Amendments that have expanded voting rights identify reasons that states cannot take those rights away, eliminating “the most blatant forms of discrimination,” Lichtman said. But “new, more subtle forms of discrimination have come into effect,” often falling “most heavily upon minorities,” he added.
These forms of voter suppression include voter ID laws, which disproportionately impact Black Americans in many states. Black Americans also face longer lines at the polls on average, and are more likely to have their ballots rejected.
Lichtman says an amendment affirming the right to vote for all Americans “is critical,” and “certainly would have both practical and inspirational effects.”
Language barriers, disability, lack of time to learn about candidates or to vote, and confusing policies or paperwork also disproportionately impact disadvantaged communities and decrease voter turnout. Generational factors can compound the difficulty in overcoming these barriers, according to research by Rachael Cobb, professor of political science and legal studies at Suffolk University.
For those who have grown up in families or communities that generally do not vote, “you never get on the voter list, nobody pays attention to you, you’re not part of a network of people who are voting,” Cobb said.
“So the whole experience is in some ways alien to you,” Cobb said. “It’s an ignorant thing to say that (voting) is really easy.”
All of these barriers can contribute to a lack of faith in the electoral process, which is a major reason that people do not vote, according to a Knight Foundation survey of chronic nonvoters released in February.
Caitlin Donnelly, program manager of Nonprofit Vote, an organization that assists nonprofits in voter outreach efforts, said many people feel resentment toward elected officials that they perceive largely ignore them “until it’s election time.”
“They see all this attention showered upon them in the summer before an election, and then those people are gone the day after the election, and their issues aren’t tended to,” Donnelly said. “That can feel like, ‘What’s the point of voting?’”
Some people may abstain from voting to avoid participating in a political system they perceive to be broadly corrupt.
Ryan Rickard of Kansas City, Missouri, said he does not vote because he does not want to legitimize the United States government.

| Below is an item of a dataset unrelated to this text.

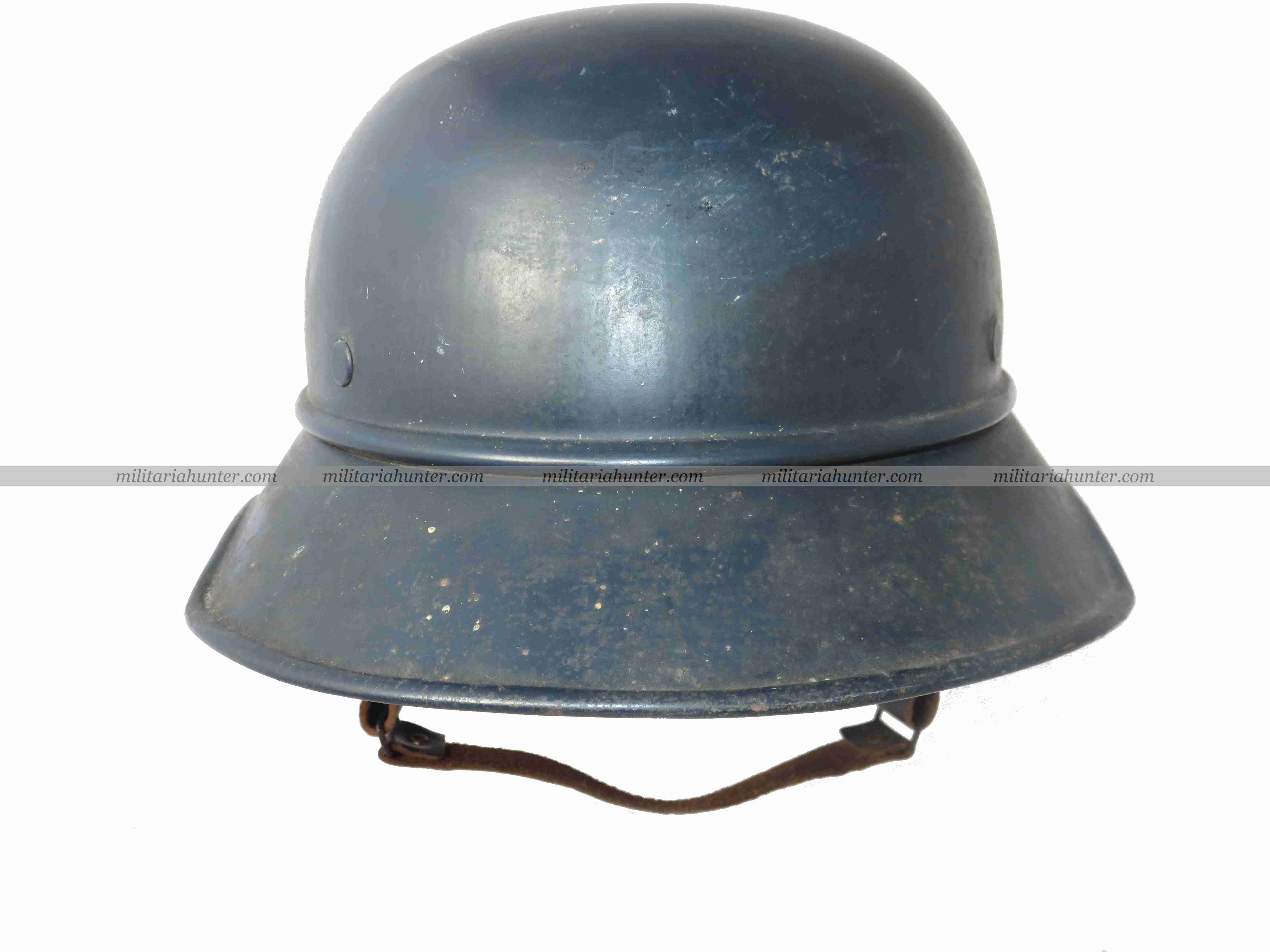 Militaria Hunter   Achat Vente Estimation Militaria ww1 ww2&nbsp;ww2 german M38 Luftschutz gladiator helmet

This year, he says he is sympathetic with those who want to vote Trump out, but – citing both candidates’ records on immigration, foreign policy and race – he said he doesn’t know that “Biden won’t be worse.”
“Those two men are bad people,” Rickard said. “We are being coerced into leaders that we do not want and forced to abide with their decisions.”
Rickard points out that voting has not been equally accessible to all throughout the nation’s history, and that today “we still can’t, in fact, ensure that everyone who wants a vote is given a voice.”
“All of this should give us pause that maybe there’s a better system,” Rickard said. “Something better out there.”
The majority of voters and nonvoters alike agree that in the United States “things have gotten on the wrong track,” according to the Knight report.